There is a consensus among scholars, Syria experts and human rights activists that the Obama administration could have undertaken many steps that would have at least interrupted the atrocities perpetrated by the Assad regime against civilians. Those steps could have included establishing a no-fly zone over portions of Syria, carving out a haven for refugees within Syria’s borders, or acting to overthrow the Assad regime.

The Holocaust Museum’s report, by contrast, concluded that there was little or nothing Obama could have done. According to the report, “A variety of factors, which were more or less fixed, made it very difficult from the beginning for the US government to take effective action to prevent atrocities in Syria, even compared with other challenging policy contexts.”

The report chided human rights activists for their “lack of appreciation” for “the difficulty of [taking action] and limits of US influence.” It even argued that some types of US intervention might have made things worse and “might have actually increased atrocities.”

Armin Rosen, an investigative journalist for the online Jewish magazine Tablet, obtained an advance copy of the report and began contacting prominent Jewish commentators and officials of Jewish organizations for their comments.
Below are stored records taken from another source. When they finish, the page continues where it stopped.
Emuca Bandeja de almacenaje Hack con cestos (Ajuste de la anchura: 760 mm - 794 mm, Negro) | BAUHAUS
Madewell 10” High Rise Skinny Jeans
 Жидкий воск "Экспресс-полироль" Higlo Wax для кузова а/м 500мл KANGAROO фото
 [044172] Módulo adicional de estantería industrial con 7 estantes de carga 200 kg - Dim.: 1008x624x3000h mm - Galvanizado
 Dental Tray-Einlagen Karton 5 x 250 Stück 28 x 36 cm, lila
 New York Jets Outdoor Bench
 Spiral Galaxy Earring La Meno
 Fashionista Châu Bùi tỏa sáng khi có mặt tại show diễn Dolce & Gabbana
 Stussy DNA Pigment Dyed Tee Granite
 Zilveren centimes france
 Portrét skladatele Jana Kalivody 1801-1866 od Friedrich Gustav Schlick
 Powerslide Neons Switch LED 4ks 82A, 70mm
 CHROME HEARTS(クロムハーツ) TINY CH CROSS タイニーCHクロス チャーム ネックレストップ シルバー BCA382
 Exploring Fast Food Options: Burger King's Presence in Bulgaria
They unanimously responded with “shock and harsh criticism,” Rosen reported in his September 5 article.

The Jewish writer Leon Wieseltier, who was a prominent critic of Obama’s Syria policy and is now a fellow at the Brookings Institution, told Rosen: “Shame on the Holocaust Museum for releasing an allegedly scientific study that justifies bystanderism.” Wieseltier compared the Museum’s claims regarding Syria to the Roosevelt administration’s assertion, during the Holocaust, that nothing could be done to rescue any of the Jews in Europe.

Rosen said that “some Jewish communal leaders,” who did not want to be identified, said to him “that the Museum’s moral authority had been hijacked for a partisan re-writing of recent history, and alleged that the museum had absolved the Obama administration of any moral or political error in its response to mass atrocities in Syria.”

Rosen said he contacted more than 20 members of the council. Nineteen of them refused to discuss the Syria report; the 20th replied that he was not to blame because the report was commissioned prior to his appointment. But word of the negative reaction among communal leaders evidently spread quickly, because within hours, the Museum removed the report from its website and replaced it with this announcement:
“Last week the United States Holocaust Memorial Museum’s Simon-Skjodt Center for the Prevention of Genocide released a research study that examined several decision points during the Syrian conflict. Since its release, a number of people with whom we have worked closely on Syria since the conflict’s outbreak have expressed concerns with the study. The Museum has decided to remove the study from its website as we evaluate this feedback.”